# Solving Timoshenko beam equation for cantilever beam

Update with solution
Solution 1
Problem: Beam clamped at left side, free end on right side, point load pointing downwards. x is defined positive from the clamped end towards the free end.

Create FBD from a section x from the free end gives:
$$M(x) = -P(L-x)$$
$$Q(x) = -P$$

Differential equation for equilibrium is:
$$-EI\frac{d\alpha}{dx} = M(x) = -P(L-x)$$
Integrating this function results in:
$$EI\alpha(x) = \frac{-Px(2L-x)}{2}+C_{1}$$
Using the boundary condition that the beam is clamped at $$x=0$$:
$$\alpha(0) = 0 \rightarrow 0 + C_{1} = 0 \rightarrow C_{1} = 0$$
Now using the second differential equation for equilibrium:
$$\frac{d}{dx}\left(\frac{dw}{dx}-\alpha(x)\right)+\frac{p(x)}{\kappa G A} = 0$$
Integration of this equation leads to:
$$\frac{dw}{dx} = \frac{Q(x)}{\kappa A G}+\alpha(x)$$
Substituting in the previous found equation for $$\alpha(x)$$ gives:
$$\frac{dw}{dx} = -\frac{P}{\kappa A G} - \frac{Px(2L-x)}{2EI}$$
Integrating this once more to find the equation for $$w(x)$$ leads to:
$$w(x) = -\frac{Px}{\kappa A G} - \frac{Px^2(3L-x)}{6EI} + C_{2}$$
Using the boundary condition $$w(0) = 0$$ gives:
$$w(0) = 0 = -0 - 0 + C_{2} \rightarrow C_{2} = 0$$
Which gives:
$$w(x) = -\frac{Px}{\kappa A G} - \frac{P}{EI}\left(-\frac{x^3}{6}+\frac{x^2L}{2}\right)$$

Solution 2
Problem: Beam clamped at right side, free end on left side, point load pointing downwards.\

Create FBD from a section x from the free end gives:
$$M(x) = -Px$$
$$Q(x) = -P$$

Differential equation for equilibrium is:
$$-EI\frac{d\alpha}{dx} = M(x) = -Px$$
Integrating this function results in:
$$EI\alpha(x) = \frac{Px^2}{2}+C_{1}$$
Using the boundary condition that the beam is clamped at $$x=L$$:
$$\alpha(L) = 0 \rightarrow \frac{PL^2}{2} + C_{1} = 0 \rightarrow C_{1} = -\frac{PL^2}{2}$$
Which gives:
$$\alpha(x) = \frac{P\left(x^2-L^2\right)}{2EI}$$
Now using the second differential equation for equilibrium:
$$\frac{d}{dx}\left(\frac{dw}{dx}-\alpha(x)\right)+\frac{p(x)}{\kappa G A} = 0$$
Integration of this equation leads to:
$$\frac{dw}{dx} = \frac{Q(x)}{\kappa A G}+\alpha(x)$$
Substituting in the previous found equation for $$\alpha(x)$$ gives:
$$\frac{dw}{dx} = -\frac{P}{\kappa A G} - \frac{P\left(x^2-L^2\right)}{2EI}$$
Integrating this once more to find the equation for $$w(x)$$ leads to:
$$w(x) = -\frac{Px}{\kappa A G} + \frac{P}{2EI}\left(\frac{x^3}{3}-L^2x\right) + C_{2}$$
Using the boundary condition $$w(L) = 0$$ gives:
$$w(L) = 0 = -\frac{PL}{\kappa A G} + \frac{P}{2EI}\left(\frac{L^3}{3}-L^3\right) + C_{2} \rightarrow C_{2} = \frac{PL}{\kappa A G} + \frac{PL^3}{3EI}$$
Which gives:
$$w(x) = \frac{P}{\kappa A G}\left(L-x\right) + \frac{P}{EI}\left(\frac{x^3}{6}-\frac{L^2x}{2}+\frac{L^3}{3}\right)$$

Note that both solution now produce the same result, but in reverse.

Old message
I am trying to solve the simple problem of a left side supported beam, with a point load at the free end.
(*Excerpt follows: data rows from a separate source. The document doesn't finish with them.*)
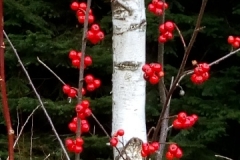 image000000001002003004005006007008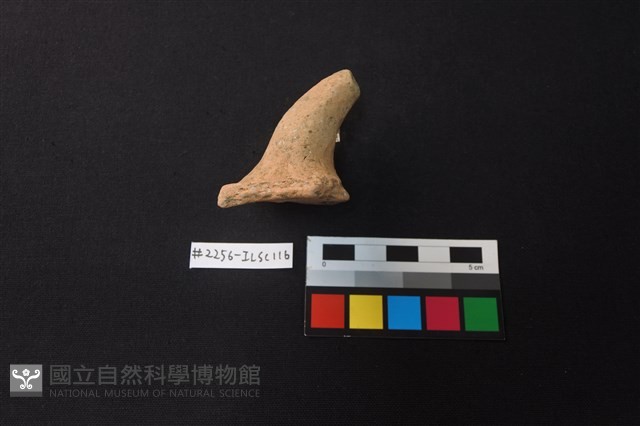 陶片藏品圖，第2張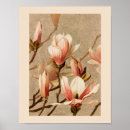 Search for magnolia posters Pink magnolias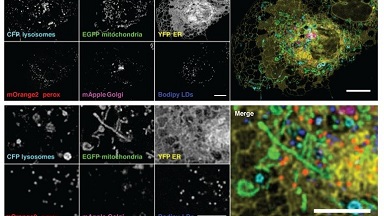 尼康生物影像中心共聚焦顯微鏡高級應用光譜共振專題上機培訓通知
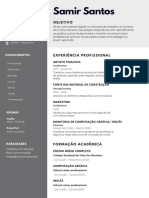 Samir B. Santos CV PDF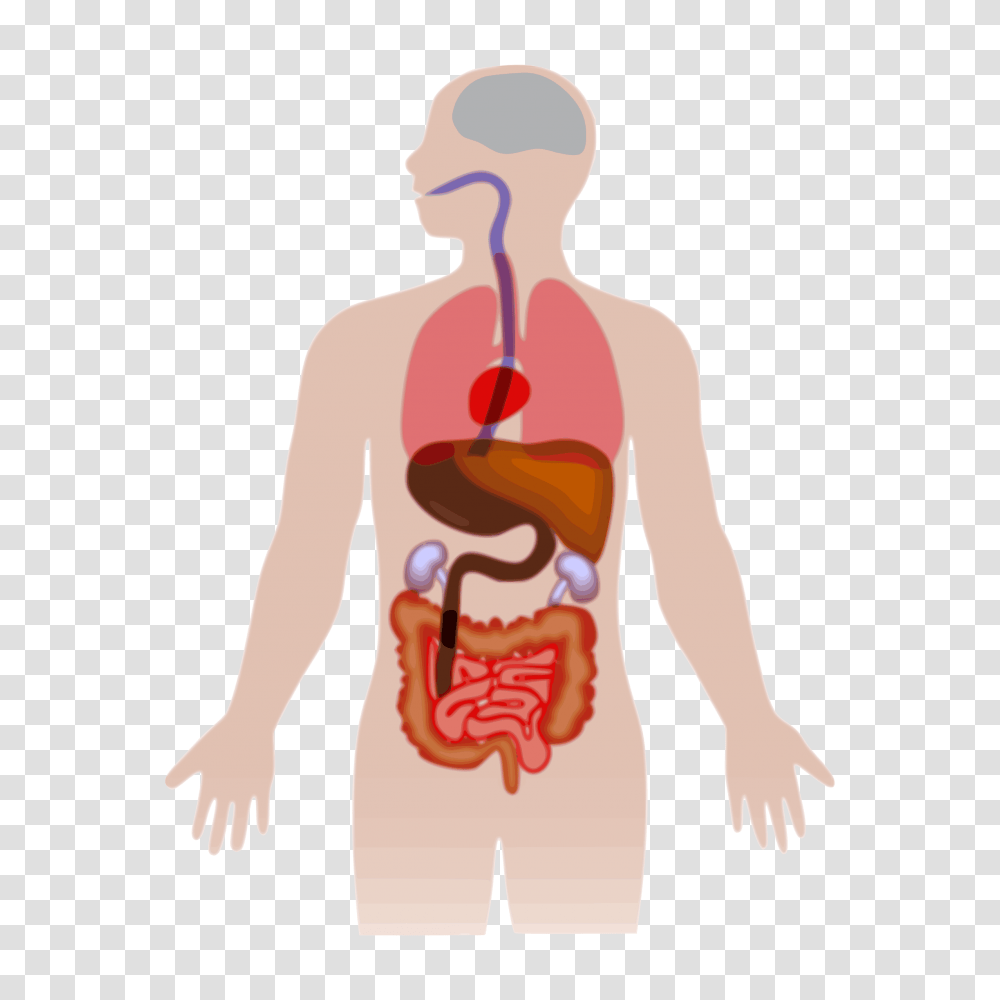 Human Body Vector Image, Stomach, Person, Plot, Torso Transparent Png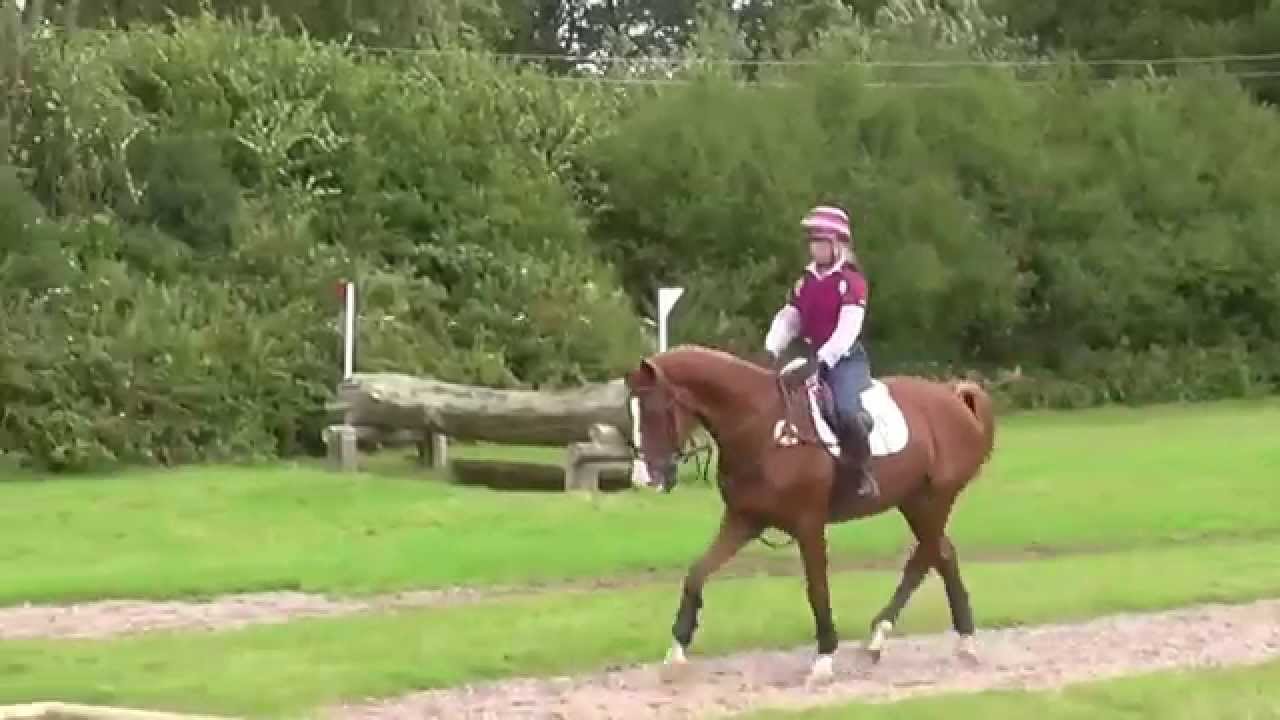 FALDEUS ~ recently broken 4yr old ~ first time xc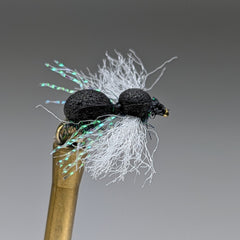 ANT B (BLACK)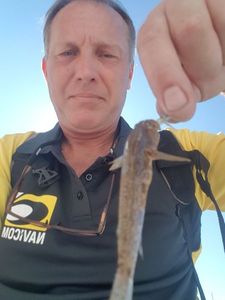 Giant Goby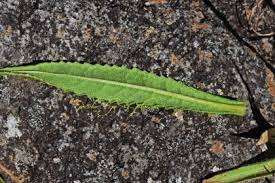 Image result for Senecio milanjianus
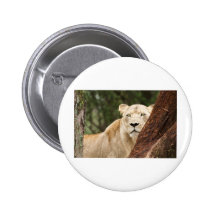 Hiding Lioness Pinback Buttons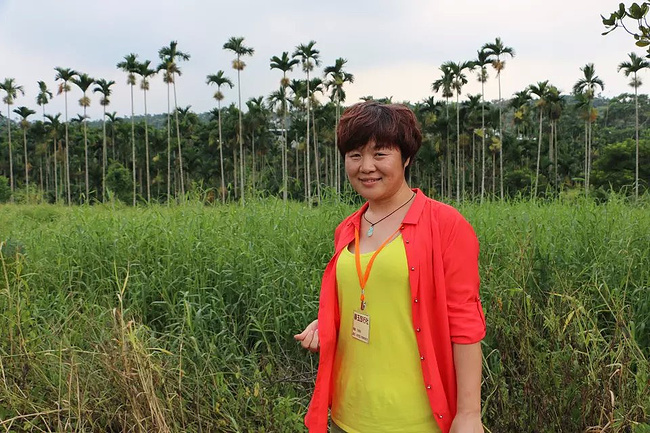 8天7夜跟团游:夫妻双双游台湾~_台北旅游攻略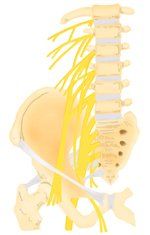 髂腹股溝神經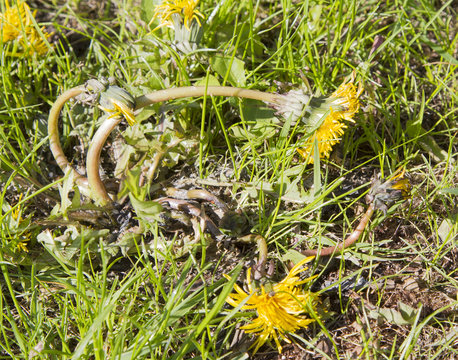 Dandelion Dying In Lawn After Treatment Of Weedkiller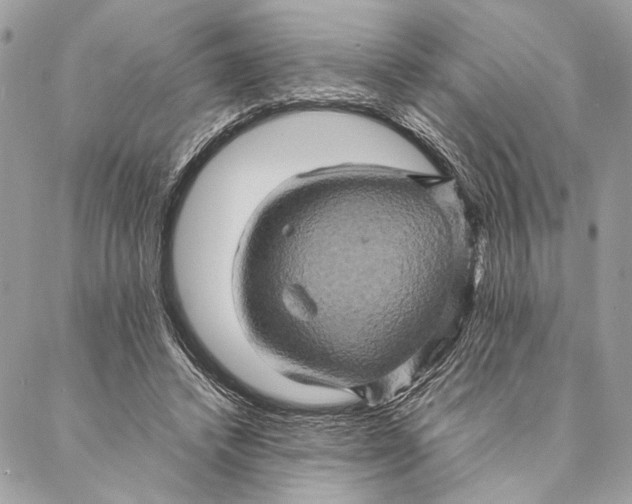 X0000086940448200705071422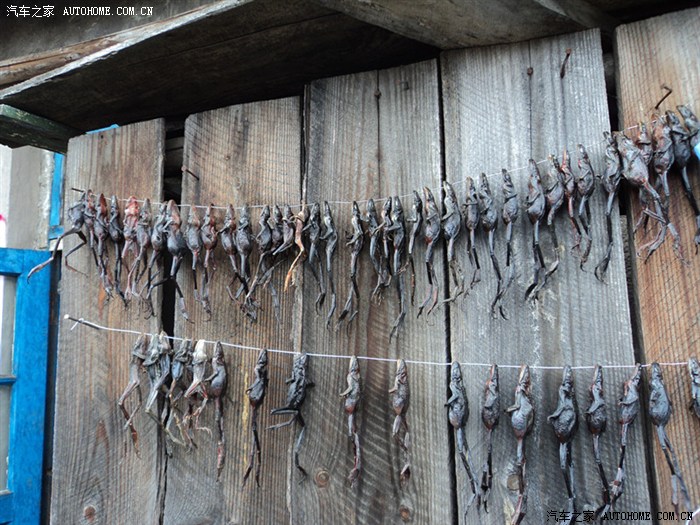 【图】初秋时节,到靖宇县观风景,品林蛙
Lets say the free end is located at L and the force is pointing downwards (negative z-direction). x is defined as positive towards the right (and thus positive towards the free end). I would arrive at equations:

$$Q = -P = \kappa AG(-\phi + \frac{\partial w}{\partial x})$$
$$M = -P(L-x) = EI \frac{\partial \phi}{\partial x}$$

After which I integrate the second equation, which results in:

$$\frac{-P(L-x)}{EI} = \frac{\partial \phi}{\partial x} \rightarrow \phi(x) = \frac{Px(x-2L)}{2EI} + C_{1}$$
Next I apply the boundary condition: $$\phi = 0$$ ax $$x=0$$, which gives:

$$\phi(0) = 0 = \frac{P\cdot 0 (0-2L)}{2EI} + C_{1} \rightarrow C_{1} = 0$$

Next I integrate the other equation and substitute the found solution and the other boundary condition into it which is $$w(0) = 0$$, which results in:

$$-P = \kappa AG(-\phi + \frac{\partial w}{\partial x}) = \kappa AG(-\frac{Px(x-2L)}{2EI} + \frac{\partial w}{\partial x}) \rightarrow \frac{\partial w}{\partial x} = \frac{-P}{\kappa AG} + \frac{Px(x-2L)}{2EI}$$
$$\rightarrow w(x) = \frac{Px^{2}(x-3L)}{6EI} - \frac{Px}{\kappa AG} + C_{2}$$
$$w(0) = 0 = \frac{P \cdot 0^{2}(0-3L)}{6EI} - \frac{P \cdot 0}{\kappa AG} + C_{2} \rightarrow C_{2} = 0$$

However when taking a look at the solution provide on Wikipedia: https://en.wikipedia.org/wiki/Timoshenko%E2%80%93Ehrenfest_beam_theory#Example:_Cantilever_beam, I would expect a solution that provides the same values, except in opposite direction, which is not the case. The difference between my solution and the one provided seems to be created in the first part, which finds the solution for $$\phi$$, but I am unsure what I did wrong. The solution at the extremities is the same, but not the solution throughout the beam itself.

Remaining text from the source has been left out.